In the listing below, print exactly the lines between the line holding "But again, if" and the line holding "And yes, you", inclusive, and no more.

:: DATA RECORDS ::

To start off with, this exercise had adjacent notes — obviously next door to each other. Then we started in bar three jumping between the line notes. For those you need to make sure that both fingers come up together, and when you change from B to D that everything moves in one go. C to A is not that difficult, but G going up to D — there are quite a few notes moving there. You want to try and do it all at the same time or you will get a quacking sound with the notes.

:::
:: DATA RECORDS ::

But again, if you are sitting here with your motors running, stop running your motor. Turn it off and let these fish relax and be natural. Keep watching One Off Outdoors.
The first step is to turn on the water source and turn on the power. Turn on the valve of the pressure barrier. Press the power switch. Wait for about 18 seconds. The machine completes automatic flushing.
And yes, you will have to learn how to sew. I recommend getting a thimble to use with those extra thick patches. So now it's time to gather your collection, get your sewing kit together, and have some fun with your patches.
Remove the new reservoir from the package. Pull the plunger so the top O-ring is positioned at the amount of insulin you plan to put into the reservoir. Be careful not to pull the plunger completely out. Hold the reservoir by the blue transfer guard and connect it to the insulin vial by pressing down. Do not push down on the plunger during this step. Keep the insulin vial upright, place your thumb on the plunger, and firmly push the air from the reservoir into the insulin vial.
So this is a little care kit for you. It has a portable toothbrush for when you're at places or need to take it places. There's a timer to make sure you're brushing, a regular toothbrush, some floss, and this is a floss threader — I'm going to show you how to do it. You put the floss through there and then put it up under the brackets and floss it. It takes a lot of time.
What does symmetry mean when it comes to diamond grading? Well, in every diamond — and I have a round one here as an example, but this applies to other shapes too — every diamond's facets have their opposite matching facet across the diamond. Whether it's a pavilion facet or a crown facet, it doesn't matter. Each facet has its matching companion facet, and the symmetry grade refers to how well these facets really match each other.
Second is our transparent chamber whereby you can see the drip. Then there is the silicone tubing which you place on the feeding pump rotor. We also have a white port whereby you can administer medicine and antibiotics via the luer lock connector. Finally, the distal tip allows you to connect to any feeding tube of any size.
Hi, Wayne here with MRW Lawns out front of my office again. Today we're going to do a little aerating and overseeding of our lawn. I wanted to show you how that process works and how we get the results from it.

:::

• ANSWER TO THIS EXERCISE
But again, if you are sitting here with your motors running, stop running your motor. Turn it off and let these fish relax and be natural. Keep watching One Off Outdoors.
The first step is to turn on the water source and turn on the power. Turn on the valve of the pressure barrier. Press the power switch. Wait for about 18 seconds. The machine completes automatic flushing.
And yes, you will have to learn how to sew. I recommend getting a thimble to use with those extra thick patches. So now it's time to gather your collection, get your sewing kit together, and have some fun with your patches.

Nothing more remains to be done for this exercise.